Given data -
━━━━━━━━━━━━━━━━━━━━━━━━━━━━━━

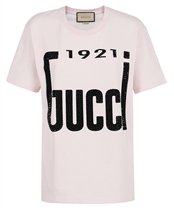 Gucci 615044 XJDZT CRYSTAL 1921 GUCCI T-shirt White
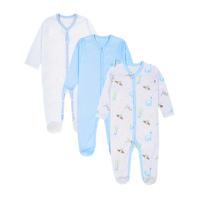 blue pajamas 3pcs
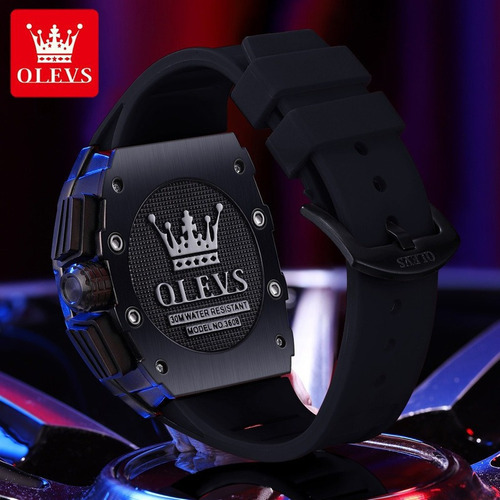 Reloj Casual Con Cronógrafo Tipo Esqueleto Mini Focus 3608
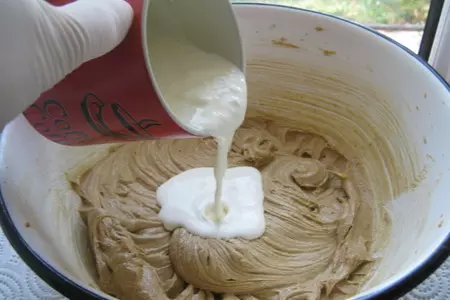 Торт-пирог « шоколадный »с шоколадными чипсами и  в шоколадной панакоте (ultra choc-chip cake).: шаг 3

━━━━━━━━━━━━━━━━━━━━━━━━━━━━━━

Work to be completed - Nothing but the lines from the one containing "blue pajamas 3pcs" through the end of the listing is to be output, and those lines are to be output exactly, pictures excluded.

Your response -
 blue pajamas 3pcs
 Reloj Casual Con Cronógrafo Tipo Esqueleto Mini Focus 3608
 Торт-пирог « шоколадный »с шоколадными чипсами и  в шоколадной панакоте (ultra choc-chip cake).: шаг 3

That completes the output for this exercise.